Can black holes have Euclidean cores?

TL;DR

This paper explores the possibility of Euclidean cores within black holes, analyzing solutions in classical and higher derivative gravity theories, and introduces a smooth orbifold alternative with a space-like boundary inside the horizon.

Contribution

It demonstrates how Euclidean cores can be incorporated into black hole solutions and shows that higher derivative terms enable the weak energy condition to be satisfied.

Findings

Euclidean cores lead to finite, continuous energy densities and pressures.

Higher derivative gravity theories satisfy the weak energy condition.
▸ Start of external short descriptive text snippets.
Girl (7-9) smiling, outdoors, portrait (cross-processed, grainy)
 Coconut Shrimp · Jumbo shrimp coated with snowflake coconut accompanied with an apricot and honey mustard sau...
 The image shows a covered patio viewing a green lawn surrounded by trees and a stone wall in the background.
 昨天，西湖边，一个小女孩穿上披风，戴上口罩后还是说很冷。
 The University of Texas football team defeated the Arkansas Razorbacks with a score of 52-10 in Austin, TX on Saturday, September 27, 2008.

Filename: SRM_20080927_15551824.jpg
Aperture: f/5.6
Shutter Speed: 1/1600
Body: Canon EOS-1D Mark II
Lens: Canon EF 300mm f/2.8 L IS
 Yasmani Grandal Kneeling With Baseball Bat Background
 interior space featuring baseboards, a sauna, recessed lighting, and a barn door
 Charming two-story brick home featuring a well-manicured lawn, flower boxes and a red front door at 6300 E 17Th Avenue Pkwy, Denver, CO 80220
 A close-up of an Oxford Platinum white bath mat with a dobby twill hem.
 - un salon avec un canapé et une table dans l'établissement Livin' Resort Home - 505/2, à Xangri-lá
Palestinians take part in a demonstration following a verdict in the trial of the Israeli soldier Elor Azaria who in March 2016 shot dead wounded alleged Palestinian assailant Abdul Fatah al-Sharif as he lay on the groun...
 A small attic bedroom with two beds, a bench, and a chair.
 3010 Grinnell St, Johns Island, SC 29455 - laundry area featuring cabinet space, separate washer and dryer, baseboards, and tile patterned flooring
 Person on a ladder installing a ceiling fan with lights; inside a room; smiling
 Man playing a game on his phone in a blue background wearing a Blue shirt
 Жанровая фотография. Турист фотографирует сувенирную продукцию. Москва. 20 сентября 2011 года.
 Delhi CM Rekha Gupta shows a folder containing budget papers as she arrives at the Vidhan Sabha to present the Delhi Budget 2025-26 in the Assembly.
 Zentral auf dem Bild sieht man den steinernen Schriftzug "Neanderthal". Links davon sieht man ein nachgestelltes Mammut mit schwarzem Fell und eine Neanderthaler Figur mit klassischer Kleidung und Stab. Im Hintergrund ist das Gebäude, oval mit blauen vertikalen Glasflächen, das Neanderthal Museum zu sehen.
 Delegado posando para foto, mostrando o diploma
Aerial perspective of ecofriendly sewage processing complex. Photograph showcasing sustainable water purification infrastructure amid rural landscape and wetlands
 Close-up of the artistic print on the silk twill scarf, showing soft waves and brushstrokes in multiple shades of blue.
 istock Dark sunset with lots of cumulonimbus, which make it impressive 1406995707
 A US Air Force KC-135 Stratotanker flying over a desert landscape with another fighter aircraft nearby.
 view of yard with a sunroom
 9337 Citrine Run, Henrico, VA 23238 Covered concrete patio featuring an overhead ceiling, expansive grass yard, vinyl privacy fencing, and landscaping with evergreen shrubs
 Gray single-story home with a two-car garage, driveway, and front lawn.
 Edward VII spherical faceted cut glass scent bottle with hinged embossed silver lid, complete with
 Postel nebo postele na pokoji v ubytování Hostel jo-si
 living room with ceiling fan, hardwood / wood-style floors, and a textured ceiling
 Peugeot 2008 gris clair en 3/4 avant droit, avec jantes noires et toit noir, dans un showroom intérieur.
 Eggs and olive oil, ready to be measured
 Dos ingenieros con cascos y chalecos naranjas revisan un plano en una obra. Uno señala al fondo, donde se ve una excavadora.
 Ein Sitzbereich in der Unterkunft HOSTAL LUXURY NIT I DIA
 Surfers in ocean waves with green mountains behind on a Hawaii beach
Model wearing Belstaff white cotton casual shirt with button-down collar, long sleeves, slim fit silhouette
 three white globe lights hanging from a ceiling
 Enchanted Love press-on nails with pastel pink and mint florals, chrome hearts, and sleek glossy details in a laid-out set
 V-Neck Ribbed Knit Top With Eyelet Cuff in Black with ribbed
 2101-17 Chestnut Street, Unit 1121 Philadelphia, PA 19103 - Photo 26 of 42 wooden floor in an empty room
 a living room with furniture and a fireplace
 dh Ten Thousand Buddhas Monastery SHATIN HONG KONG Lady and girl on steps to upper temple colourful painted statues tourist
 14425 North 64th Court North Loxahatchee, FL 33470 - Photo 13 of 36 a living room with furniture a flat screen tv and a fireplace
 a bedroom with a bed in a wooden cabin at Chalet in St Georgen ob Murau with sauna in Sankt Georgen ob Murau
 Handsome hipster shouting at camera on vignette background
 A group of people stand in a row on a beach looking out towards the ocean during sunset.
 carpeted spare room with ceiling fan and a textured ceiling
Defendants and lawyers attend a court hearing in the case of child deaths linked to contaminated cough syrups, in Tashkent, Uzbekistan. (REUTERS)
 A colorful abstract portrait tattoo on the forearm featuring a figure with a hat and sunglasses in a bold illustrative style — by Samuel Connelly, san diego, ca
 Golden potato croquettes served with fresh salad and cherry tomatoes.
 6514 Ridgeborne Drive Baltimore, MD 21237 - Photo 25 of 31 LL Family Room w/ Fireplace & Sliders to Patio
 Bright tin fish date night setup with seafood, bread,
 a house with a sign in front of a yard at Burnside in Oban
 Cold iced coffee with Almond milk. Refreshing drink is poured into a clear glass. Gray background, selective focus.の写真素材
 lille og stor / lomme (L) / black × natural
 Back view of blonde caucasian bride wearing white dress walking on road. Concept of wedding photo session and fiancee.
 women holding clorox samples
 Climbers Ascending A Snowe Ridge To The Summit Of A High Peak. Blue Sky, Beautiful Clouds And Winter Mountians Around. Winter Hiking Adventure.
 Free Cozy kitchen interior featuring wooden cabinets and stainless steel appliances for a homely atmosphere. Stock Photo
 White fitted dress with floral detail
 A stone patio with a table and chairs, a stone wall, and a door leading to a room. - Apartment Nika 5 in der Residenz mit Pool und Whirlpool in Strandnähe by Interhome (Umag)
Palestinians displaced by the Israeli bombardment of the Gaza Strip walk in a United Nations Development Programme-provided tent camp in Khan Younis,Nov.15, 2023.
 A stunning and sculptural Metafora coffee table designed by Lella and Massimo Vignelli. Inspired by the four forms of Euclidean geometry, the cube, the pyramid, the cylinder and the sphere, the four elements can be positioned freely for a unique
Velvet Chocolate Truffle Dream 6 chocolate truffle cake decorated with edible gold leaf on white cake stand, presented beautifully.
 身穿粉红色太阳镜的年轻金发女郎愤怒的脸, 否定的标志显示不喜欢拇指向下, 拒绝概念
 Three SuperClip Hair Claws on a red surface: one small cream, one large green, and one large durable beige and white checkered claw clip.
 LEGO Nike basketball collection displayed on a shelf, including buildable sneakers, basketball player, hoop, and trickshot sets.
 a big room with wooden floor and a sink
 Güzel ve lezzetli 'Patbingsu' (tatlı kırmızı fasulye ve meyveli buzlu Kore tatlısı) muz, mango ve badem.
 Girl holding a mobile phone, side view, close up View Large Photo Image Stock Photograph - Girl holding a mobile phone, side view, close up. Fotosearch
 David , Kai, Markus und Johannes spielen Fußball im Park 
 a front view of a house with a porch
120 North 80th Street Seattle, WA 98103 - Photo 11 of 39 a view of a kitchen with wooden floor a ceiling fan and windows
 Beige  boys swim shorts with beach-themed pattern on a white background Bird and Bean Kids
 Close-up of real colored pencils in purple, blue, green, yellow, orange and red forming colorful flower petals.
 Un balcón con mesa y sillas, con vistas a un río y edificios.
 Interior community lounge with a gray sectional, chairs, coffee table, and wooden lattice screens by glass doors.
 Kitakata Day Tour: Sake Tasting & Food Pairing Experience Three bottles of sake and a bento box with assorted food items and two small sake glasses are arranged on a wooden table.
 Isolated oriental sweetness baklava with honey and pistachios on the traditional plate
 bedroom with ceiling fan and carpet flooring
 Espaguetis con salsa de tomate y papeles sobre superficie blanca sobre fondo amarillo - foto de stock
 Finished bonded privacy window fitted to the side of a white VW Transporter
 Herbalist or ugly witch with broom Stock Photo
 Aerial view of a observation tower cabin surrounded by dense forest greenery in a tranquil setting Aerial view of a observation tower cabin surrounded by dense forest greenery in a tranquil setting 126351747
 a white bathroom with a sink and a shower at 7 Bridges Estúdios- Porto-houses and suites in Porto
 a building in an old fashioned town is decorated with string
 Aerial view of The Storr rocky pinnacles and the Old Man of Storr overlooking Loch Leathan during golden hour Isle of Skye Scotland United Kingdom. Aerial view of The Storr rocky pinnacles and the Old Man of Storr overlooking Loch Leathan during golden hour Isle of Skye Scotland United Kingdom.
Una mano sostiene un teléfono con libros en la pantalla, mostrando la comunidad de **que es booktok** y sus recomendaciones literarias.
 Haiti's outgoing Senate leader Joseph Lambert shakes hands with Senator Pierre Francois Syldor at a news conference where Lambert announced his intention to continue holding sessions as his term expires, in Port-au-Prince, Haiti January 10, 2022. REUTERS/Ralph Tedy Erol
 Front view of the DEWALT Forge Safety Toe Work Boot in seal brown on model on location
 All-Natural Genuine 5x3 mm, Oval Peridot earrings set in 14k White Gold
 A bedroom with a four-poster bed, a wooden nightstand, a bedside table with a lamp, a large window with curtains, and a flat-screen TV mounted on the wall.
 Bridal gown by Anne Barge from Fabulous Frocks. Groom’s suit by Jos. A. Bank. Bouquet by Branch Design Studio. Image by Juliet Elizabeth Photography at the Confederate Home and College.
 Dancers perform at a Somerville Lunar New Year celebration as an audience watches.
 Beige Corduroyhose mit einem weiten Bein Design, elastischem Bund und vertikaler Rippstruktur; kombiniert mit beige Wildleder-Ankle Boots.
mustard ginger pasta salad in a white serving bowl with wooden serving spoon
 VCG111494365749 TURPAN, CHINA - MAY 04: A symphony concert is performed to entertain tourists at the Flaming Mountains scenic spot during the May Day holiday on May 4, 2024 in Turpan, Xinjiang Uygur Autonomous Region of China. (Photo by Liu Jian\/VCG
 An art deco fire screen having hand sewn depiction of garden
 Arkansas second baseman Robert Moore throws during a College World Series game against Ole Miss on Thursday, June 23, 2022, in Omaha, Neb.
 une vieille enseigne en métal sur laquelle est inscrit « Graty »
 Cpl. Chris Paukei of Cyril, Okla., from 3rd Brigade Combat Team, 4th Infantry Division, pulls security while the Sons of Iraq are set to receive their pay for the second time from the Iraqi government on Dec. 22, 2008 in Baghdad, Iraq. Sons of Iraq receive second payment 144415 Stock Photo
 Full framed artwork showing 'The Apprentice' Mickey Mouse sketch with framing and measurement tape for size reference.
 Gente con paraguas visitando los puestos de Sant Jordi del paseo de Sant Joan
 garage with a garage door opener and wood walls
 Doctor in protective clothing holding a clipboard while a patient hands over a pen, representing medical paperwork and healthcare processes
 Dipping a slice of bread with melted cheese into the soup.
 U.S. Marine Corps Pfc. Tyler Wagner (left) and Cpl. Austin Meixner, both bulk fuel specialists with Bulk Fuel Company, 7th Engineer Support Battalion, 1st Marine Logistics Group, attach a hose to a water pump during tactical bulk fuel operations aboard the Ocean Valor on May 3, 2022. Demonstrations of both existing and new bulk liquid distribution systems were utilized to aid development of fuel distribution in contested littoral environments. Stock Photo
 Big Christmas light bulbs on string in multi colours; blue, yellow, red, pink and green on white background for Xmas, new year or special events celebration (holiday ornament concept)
A smooth orbifold construction offers an alternative with a space-like boundary.

Abstract

The search for regular black hole solutions in classical gravity leads us to consider a core of Euclidean signature in the interior of a black hole. Solutions of Lorentzian and Euclidean general relativity match in such a way that energy densities and pressures of an isotropic perfect fluid form are everywhere finite and continuous. Although the weak energy condition cannot be satisfied for these solutions in general relativity, it can be when higher derivative terms are added. A numerical study shows how the transition becomes smoother in theories with more derivatives. As an alternative to the Euclidean core, we also discuss a closely related time dependent orbifold construction with a smooth space-like boundary inside the horizon.